━━━ Provided records

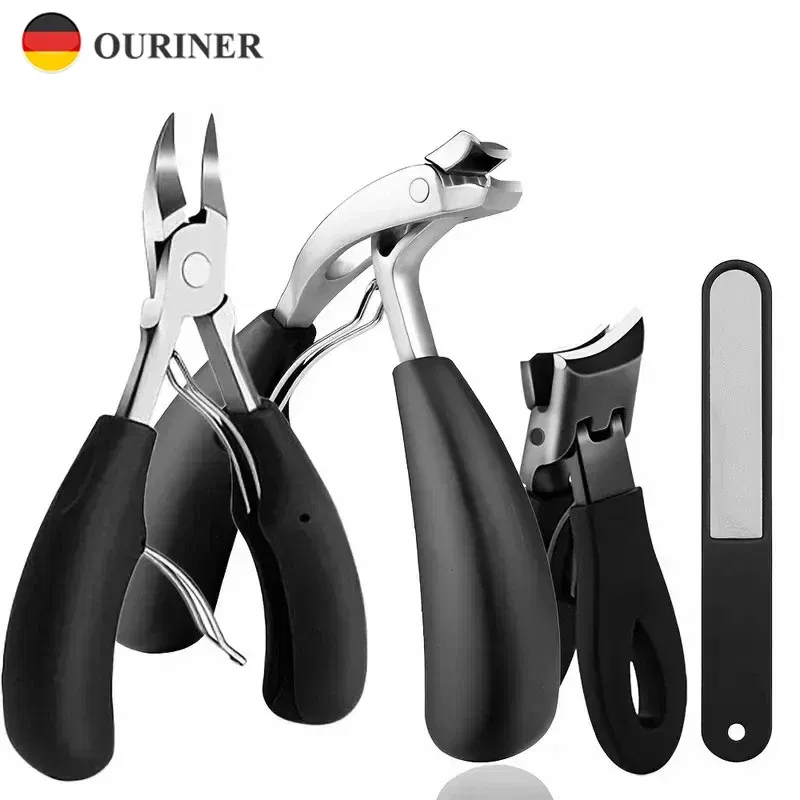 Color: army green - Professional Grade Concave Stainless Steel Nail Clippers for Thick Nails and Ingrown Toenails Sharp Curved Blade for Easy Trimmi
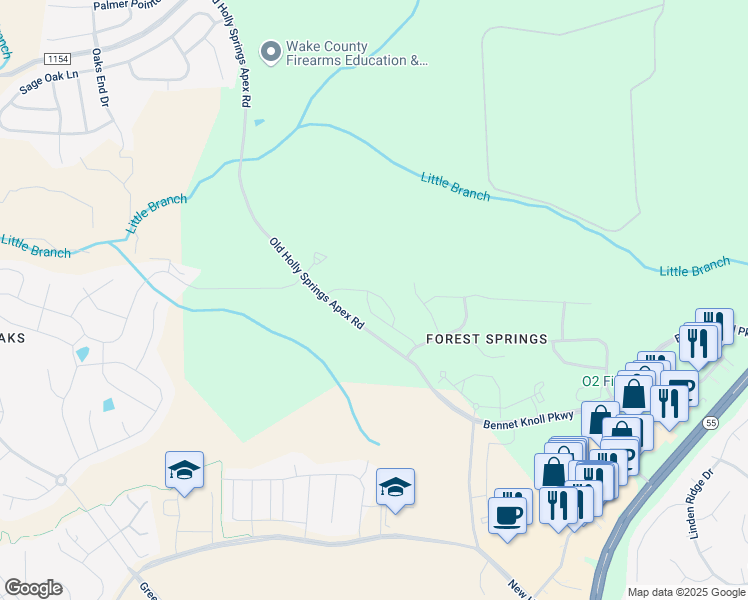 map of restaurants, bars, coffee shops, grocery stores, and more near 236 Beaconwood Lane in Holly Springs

━━━━━━
━━━ Provided records

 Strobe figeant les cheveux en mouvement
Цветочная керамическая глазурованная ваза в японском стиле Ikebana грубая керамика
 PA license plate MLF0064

━━━━━━
━━━ Provided records

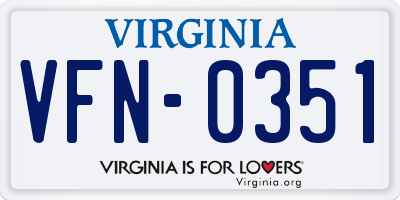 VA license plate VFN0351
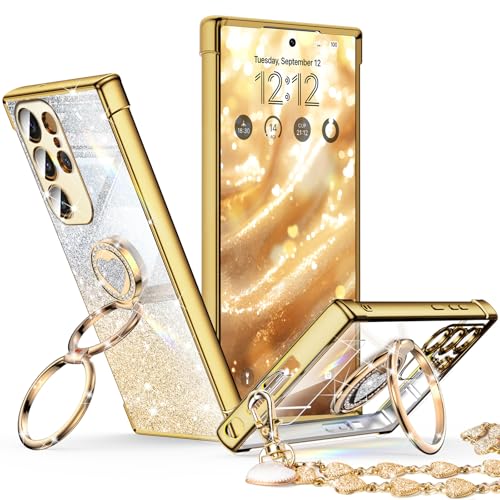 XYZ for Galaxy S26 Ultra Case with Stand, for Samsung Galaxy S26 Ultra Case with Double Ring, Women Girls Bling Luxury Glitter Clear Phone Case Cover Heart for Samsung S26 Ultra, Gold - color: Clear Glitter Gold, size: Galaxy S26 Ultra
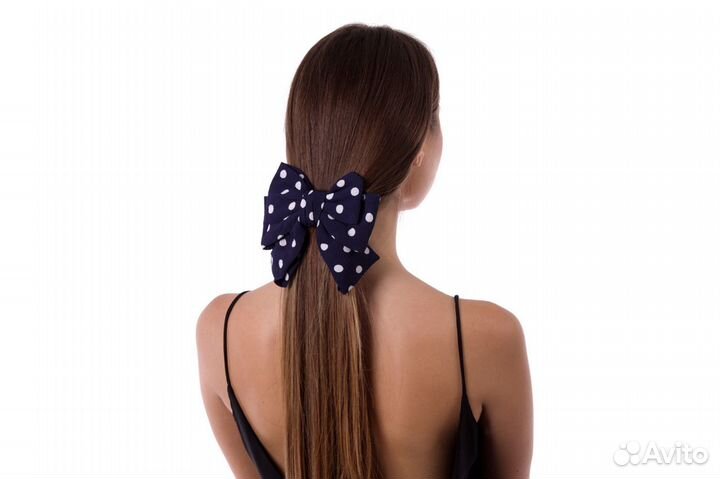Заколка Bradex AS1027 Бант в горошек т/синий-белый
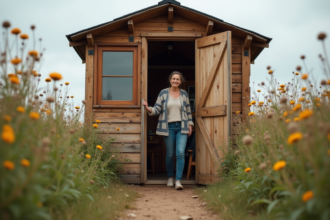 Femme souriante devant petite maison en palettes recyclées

━━━━━━

Exercise >> In the data above, find the line containing "XYZ for Galaxy" and the line containing "Femme souriante devant". Repeat those two lines and everything between them exactly, minus the pictures.

Answer to the problem >>
 XYZ for Galaxy S26 Ultra Case with Stand, for Samsung Galaxy S26 Ultra Case with Double Ring, Women Girls Bling Luxury Glitter Clear Phone Case Cover Heart for Samsung S26 Ultra, Gold - color: Clear Glitter Gold, size: Galaxy S26 Ultra
Заколка Bradex AS1027 Бант в горошек т/синий-белый
 Femme souriante devant petite maison en palettes recyclées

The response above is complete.